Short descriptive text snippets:
────

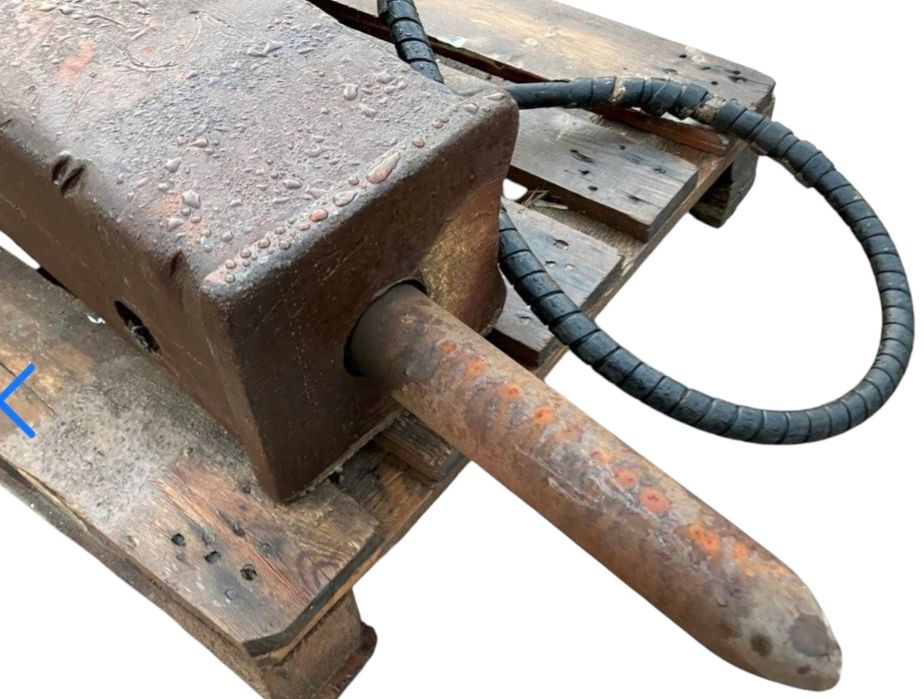 Ciocan hidraulic Arden AB352 ideal buldoexcavator sau excavator 4-8t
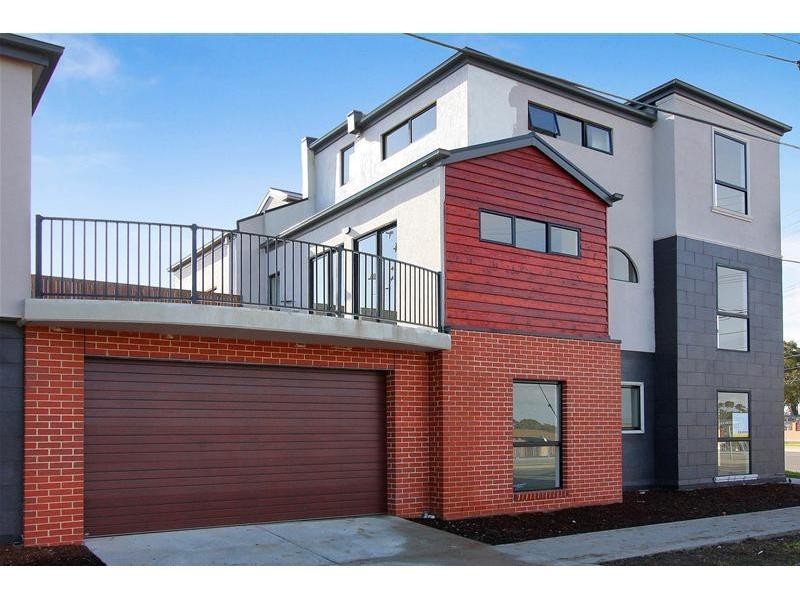 2/979-985 Plenty Road, Kingsbury VIC 3083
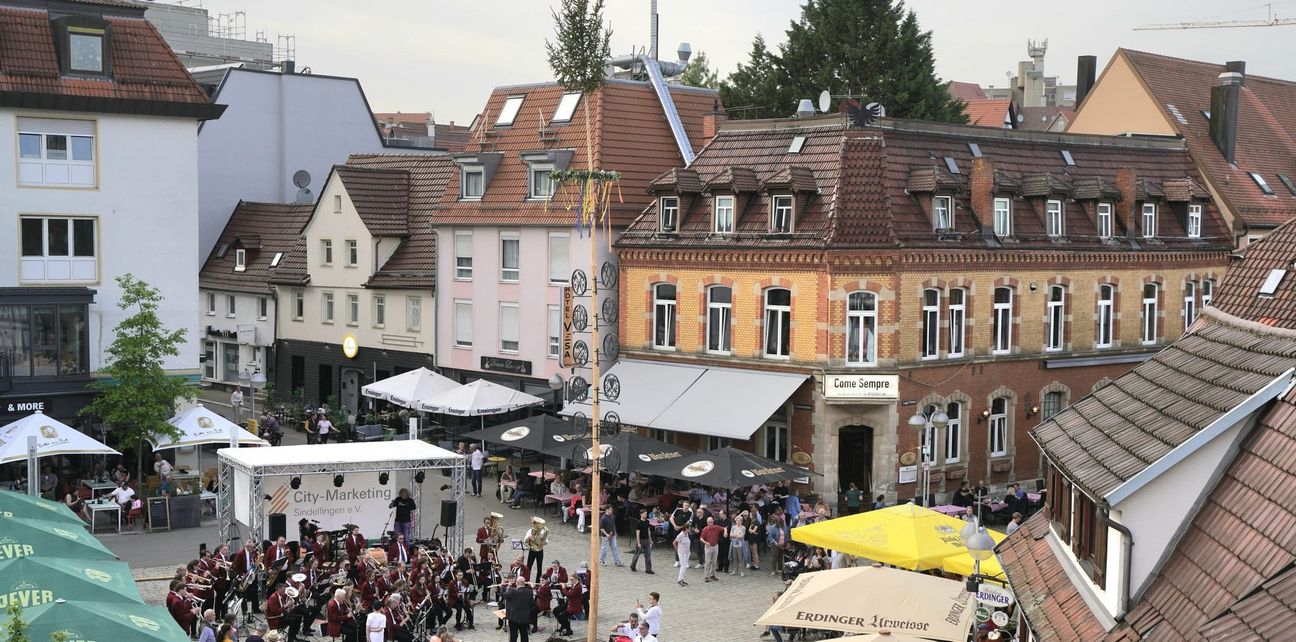 Die Maihocketse findet traditionell auf dem Wettbachplatz statt.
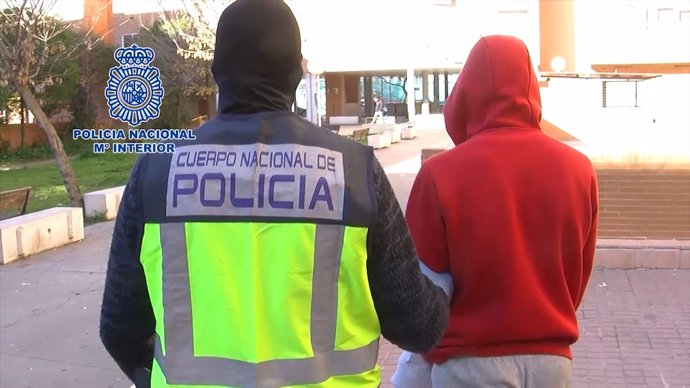 Detienen dos yihadistas en Madrid que poseían armas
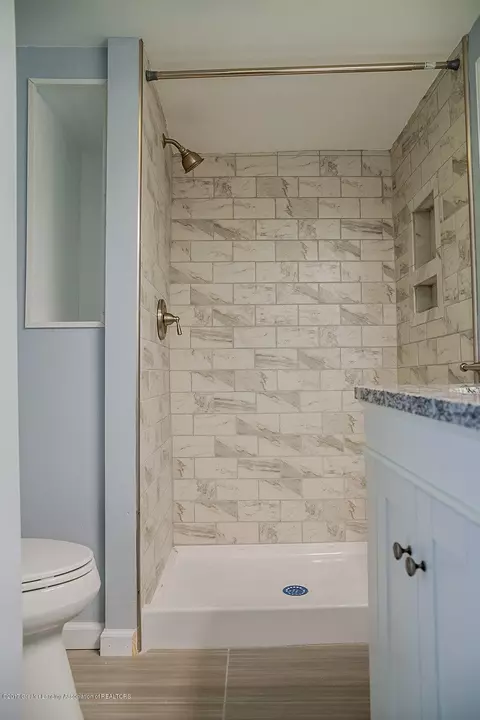 509 E Ash St, Mason, MI 48854 photo 25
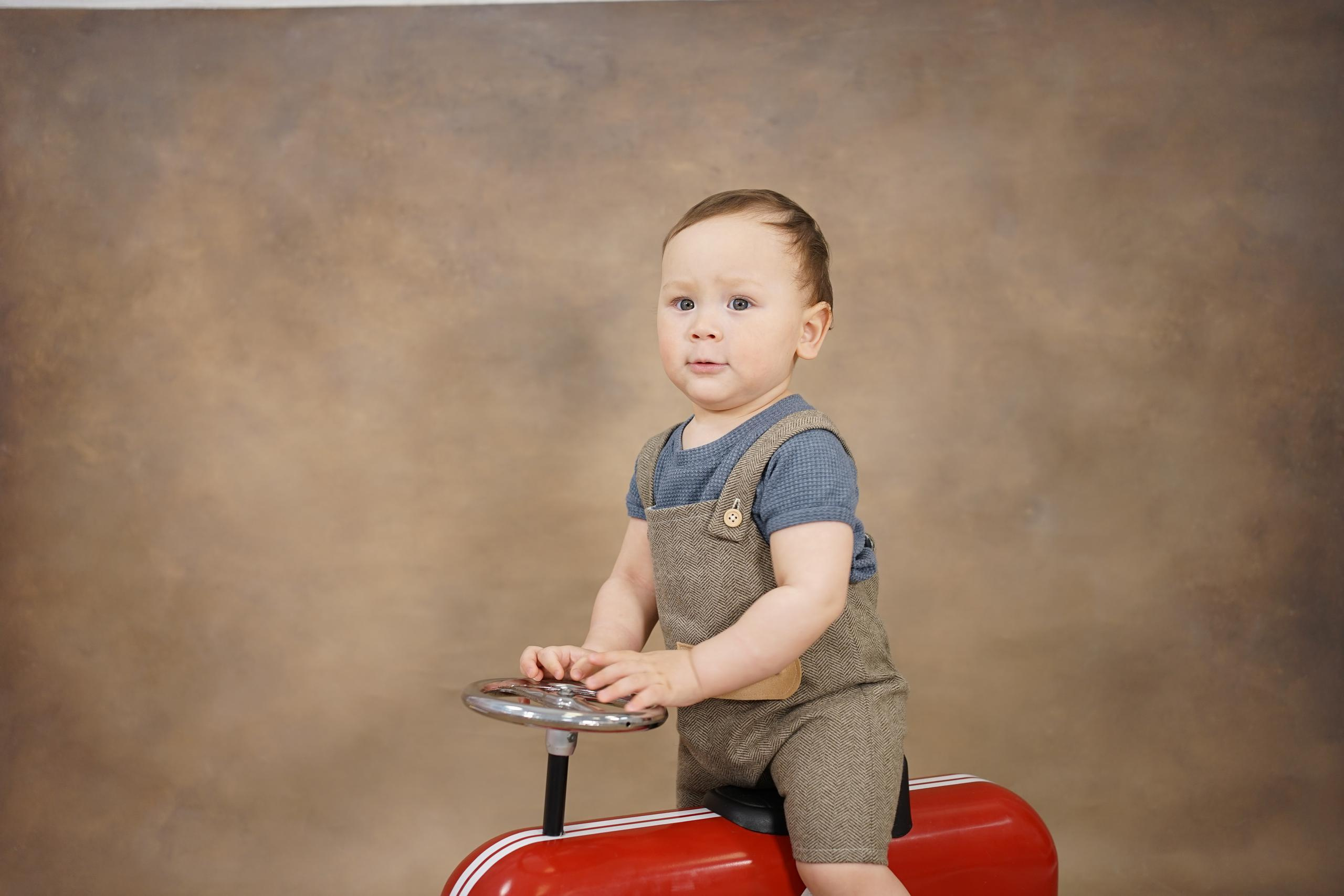 Фотозоны на ХОЛСТЕ. Детская Фотостудия ГОДОВАСИКИ в Санкт-Петербурге фотосесия на годик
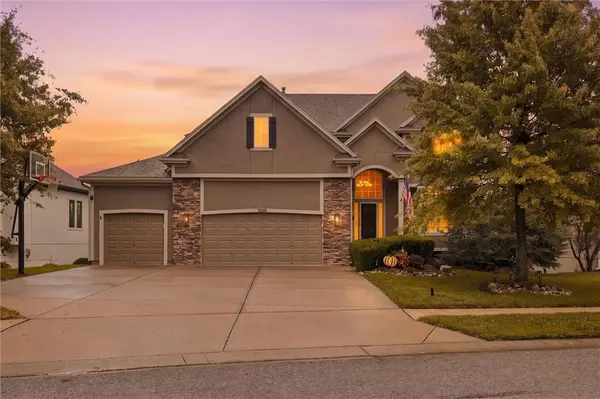 11018 W 163rd TER, Overland Park, KS 66221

────

Please reproduce the records above exactly, omitting every picture.

 Ciocan hidraulic Arden AB352 ideal buldoexcavator sau excavator 4-8t
 2/979-985 Plenty Road, Kingsbury VIC 3083
 Die Maihocketse findet traditionell auf dem Wettbachplatz statt.
 Detienen dos yihadistas en Madrid que poseían armas
 509 E Ash St, Mason, MI 48854 photo 25
 Фотозоны на ХОЛСТЕ. Детская Фотостудия ГОДОВАСИКИ в Санкт-Петербурге фотосесия на годик
 11018 W 163rd TER, Overland Park, KS 66221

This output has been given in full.